*Task to complete*.
Copy each line of the data below in which the word "moderne" can be found.
───── Working data
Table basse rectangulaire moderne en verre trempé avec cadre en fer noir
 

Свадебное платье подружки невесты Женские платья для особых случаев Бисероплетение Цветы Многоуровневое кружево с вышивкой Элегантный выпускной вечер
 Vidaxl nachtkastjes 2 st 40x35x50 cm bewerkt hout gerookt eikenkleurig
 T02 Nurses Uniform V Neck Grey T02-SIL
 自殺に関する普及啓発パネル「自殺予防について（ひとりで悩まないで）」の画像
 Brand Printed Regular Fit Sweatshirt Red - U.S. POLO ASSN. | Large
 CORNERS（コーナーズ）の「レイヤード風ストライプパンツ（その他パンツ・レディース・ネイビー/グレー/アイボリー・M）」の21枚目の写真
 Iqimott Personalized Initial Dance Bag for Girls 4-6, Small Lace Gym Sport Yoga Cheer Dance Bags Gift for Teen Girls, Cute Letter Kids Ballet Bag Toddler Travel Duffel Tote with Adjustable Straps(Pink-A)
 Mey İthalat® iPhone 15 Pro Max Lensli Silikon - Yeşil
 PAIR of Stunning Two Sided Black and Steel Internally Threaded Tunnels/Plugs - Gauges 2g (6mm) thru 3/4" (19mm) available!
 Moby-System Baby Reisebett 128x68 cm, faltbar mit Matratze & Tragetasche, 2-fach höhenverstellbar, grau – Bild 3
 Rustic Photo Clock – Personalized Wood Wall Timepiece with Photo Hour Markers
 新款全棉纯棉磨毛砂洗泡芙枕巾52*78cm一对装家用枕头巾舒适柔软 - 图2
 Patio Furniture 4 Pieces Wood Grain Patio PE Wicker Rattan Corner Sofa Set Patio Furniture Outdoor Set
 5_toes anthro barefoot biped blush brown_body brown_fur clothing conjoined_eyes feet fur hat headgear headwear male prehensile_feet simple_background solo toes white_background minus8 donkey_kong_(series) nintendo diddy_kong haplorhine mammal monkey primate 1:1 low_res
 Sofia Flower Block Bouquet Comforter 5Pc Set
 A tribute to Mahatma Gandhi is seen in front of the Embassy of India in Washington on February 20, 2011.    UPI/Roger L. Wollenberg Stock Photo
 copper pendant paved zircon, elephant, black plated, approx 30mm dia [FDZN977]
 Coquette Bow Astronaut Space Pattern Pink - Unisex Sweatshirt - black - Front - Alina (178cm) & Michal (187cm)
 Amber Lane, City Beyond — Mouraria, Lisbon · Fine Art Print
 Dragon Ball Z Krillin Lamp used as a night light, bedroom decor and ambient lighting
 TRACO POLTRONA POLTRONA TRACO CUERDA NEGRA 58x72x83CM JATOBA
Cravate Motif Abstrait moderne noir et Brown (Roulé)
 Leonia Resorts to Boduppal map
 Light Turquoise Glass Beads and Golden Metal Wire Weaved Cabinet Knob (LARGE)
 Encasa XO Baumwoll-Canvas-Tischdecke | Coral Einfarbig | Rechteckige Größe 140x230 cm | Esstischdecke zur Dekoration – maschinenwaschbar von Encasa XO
──────────
*Answer to this task*.
Table basse rectangulaire moderne en verre trempé avec cadre en fer noir
Cravate Motif Abstrait moderne noir et Brown (Roulé)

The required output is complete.